Your view: Mission explained

Monday, June 6, 2005

I had to respond to all the complaints I just read in your paper today (May 23). People are criticizing the Rescue Mission because their prices are "so high" or "too high."

I have never shopped at the rescue mission. I don't know anything about them at all. However, I managed a non-profit resale store in Texas. People sometimes would complain about our prices. I had people tell me that since we received it free, we should give it away or sell it cheap.

Let me explain what happens with the money we made, which was a substantial amount:

1. We had a food pantry for low income or in-need people.

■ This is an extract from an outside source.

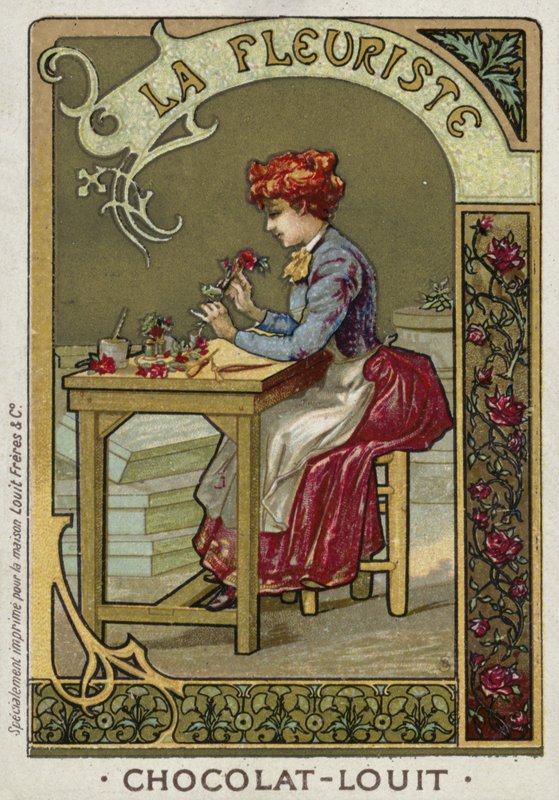 The Florist by French School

2. We had housing for people to live in on a temporary basis until they were able to get a place on their own.

3. We had a prescription drug program and a dental program for low income families.

4. Every Thanksgiving and Christmas, we provided groceries for needy families.

5. At Christmas, we had a toy store where the parents could shop for their children with vouchers we provided based on the age and number of children.

6. Most families don't need a couch. They need heat and air conditioning. they need food and medical care. They need gas for their vehicle to get to a job.

7. They need job training and classes on money management.

8. They need classes on how to shop for nutritious food.

We provided all the above and more.

That is where the money goes that you spend at a non-profit store. The person who thinks a low income family wants a couch is wrong. They want the rent paid so they have a roof over their heads, not living on the streets.

Yes, sometimes we overpriced items by mistake, but eventually we would lower the price.

Remember, at a garage sale you have no a/c to shop in. You have no overhead. All non profits have expenses - lots of expenses. They raise money in any way they can.

Don't be so hard on them until you have run a successful, profitable organization yourself. It is very difficult and they need you to volunteer. That way they save money so they can help more families.